2) How was the decision reached that you would be a SAHD? - My wife and I first had a conversation about one of us being home and we agreed that we both wanted that. The money that could be made with both of us working wasn't worth some one else raising our kids and so then the conversation turned to who would be the one at home. My wife loves the interaction of working out side the house and I am naturally the more nurturing one so it was a pretty easy decision. There have been times when we have switched back for a year because of moving across the country but we are in the roles that best suit our family.
3) Do you find it harder than you thought it would be? - I knew that being the one home with the kids was going to be tough so it is not tougher than I thought it would be. There are times when it is the hardest job I have ever had and the feelings of isolation are the toughest to deal with. It is like any other job in that way, where there are times when you complain about your job to who ever will listen and times when it is so rewarding and engaging that you can't believe how lucky you are.

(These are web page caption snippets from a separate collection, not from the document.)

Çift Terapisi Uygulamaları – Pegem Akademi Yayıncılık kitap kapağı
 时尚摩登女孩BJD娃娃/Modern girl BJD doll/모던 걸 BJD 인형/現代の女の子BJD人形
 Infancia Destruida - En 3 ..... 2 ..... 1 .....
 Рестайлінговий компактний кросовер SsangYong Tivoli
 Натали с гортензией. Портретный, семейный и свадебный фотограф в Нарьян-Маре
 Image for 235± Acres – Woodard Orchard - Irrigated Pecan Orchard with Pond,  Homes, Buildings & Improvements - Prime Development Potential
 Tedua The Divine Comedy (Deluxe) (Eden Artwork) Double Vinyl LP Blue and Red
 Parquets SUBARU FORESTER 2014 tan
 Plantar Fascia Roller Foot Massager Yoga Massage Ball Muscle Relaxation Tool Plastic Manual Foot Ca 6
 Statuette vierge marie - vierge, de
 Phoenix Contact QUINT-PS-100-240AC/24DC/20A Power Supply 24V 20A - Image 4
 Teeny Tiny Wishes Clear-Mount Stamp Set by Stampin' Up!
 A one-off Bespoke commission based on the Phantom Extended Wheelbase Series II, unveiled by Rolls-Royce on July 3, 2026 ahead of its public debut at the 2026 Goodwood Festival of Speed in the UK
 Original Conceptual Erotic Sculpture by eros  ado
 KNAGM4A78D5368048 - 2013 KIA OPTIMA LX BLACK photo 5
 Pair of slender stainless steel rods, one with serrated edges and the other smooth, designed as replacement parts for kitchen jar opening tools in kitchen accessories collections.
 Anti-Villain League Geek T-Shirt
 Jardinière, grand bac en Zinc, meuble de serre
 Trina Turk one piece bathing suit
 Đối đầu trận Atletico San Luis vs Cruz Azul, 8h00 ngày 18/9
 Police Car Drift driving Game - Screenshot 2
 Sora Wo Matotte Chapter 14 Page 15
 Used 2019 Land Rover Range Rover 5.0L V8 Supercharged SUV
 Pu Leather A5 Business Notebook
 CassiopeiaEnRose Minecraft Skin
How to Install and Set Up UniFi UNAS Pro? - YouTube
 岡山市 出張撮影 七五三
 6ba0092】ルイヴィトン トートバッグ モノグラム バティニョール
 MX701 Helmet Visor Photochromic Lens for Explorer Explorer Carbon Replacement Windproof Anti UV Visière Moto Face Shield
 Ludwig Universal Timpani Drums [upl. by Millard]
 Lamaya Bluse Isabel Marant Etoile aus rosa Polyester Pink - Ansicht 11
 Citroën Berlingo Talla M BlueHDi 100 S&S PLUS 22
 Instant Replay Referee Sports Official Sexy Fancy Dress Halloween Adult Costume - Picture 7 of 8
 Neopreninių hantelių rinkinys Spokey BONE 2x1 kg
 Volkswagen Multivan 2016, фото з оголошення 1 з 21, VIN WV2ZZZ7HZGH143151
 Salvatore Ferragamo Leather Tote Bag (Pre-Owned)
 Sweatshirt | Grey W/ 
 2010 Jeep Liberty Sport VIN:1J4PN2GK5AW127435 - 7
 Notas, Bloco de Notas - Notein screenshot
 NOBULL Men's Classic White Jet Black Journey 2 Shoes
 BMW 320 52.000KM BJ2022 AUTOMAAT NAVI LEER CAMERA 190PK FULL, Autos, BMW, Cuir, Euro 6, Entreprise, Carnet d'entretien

4) Have you ever wished the parental roles were reversed? - Not for very long. There are times when I would like my wife to experience how tough it is with the boys, but those are always tempered with the fact that I don't want to do what she does. I like the role I have and find contentment and validation in being the at home parent.
5) People approach you and ask what you do, and you say you are a SAHD, what is there initial reaction? - For the most part you get positive reactions. People are happy to see fathers that are more involved and engaged with their kids so they are supportive but every once in a while you get people that make some sort of snide comment. It's cool with me though, like I said I love what I do and know what it means for my family and how my wife views me. There is this thought that you are less of a man for not working but I think that's horse shit.
6) What is the single greatest thing about being a SAHD? - Time spent with my boys. Seeing those first steps, hearing the phrases throughout the day as they learn to interact and make sense of their world. I get to be there for that and I know what the oldest means when he says "Funny Looking SUV" because I was there the first time he said. That's what he calls Scions by the way.
7) Why do you think more dads are choosing to be the at home parent? - I think that as more options are opening up for women that same thing is happening for traditional roles with the family. There are men that don't choose to be at home and that becomes tough for them to deal with. It is the same for the women that didn't get to choose the role they have and the feelings of isolation and being trapped. For many families it is a question of finances but I think there are a number of men that are choosing to be at home with the kids out of a purely nurturing standpoint. As that glass celling starts to crack for the women the doors to the home are opening to the men.
8) Think you would have the same bond with your children if you were working? - I think I would have a similar bond but not the same. I am the one that they want when they are scared or hurt because I am the one that is there all day. When I was working that wasn't the case and as my wife is out of the house and working it is not the case for her. If I were working outside the house I would still be super involved like a lot of dads are lately but there is that time spent aspect that I wouldn't have.
9) Has being the at home parent changed your relationship with your wife? Better? Worse? - I think it has been better because we are both operating out of our strengths as a couple. My wife has intense feelings of guilt for not being home with the boys but at the same time she has no interest in actually being home with them. It is a tough internal battle for her but I think I do a lot to alleviate the tension by doing the job well and finding contentment in the role. Our boys are doing great, learning and interacting with other kids really well and seeing that makes my wife appreciate the life we have chosen.
10) Finally, give new and expectant fathers a little advice for their new adventure into dadhood ... Get on the floor, no matter how tired and worn out you are get on the floor with your kids. When they have tummy time as babies get down there with them. As they crawl let them crawl over you and wrestle with them. Some of the best times I have had with my boys is when I am too tired to play but just lay on the ground and let them play on me. Seeing the world on their level and them seeing you get down there does so much for your relationship.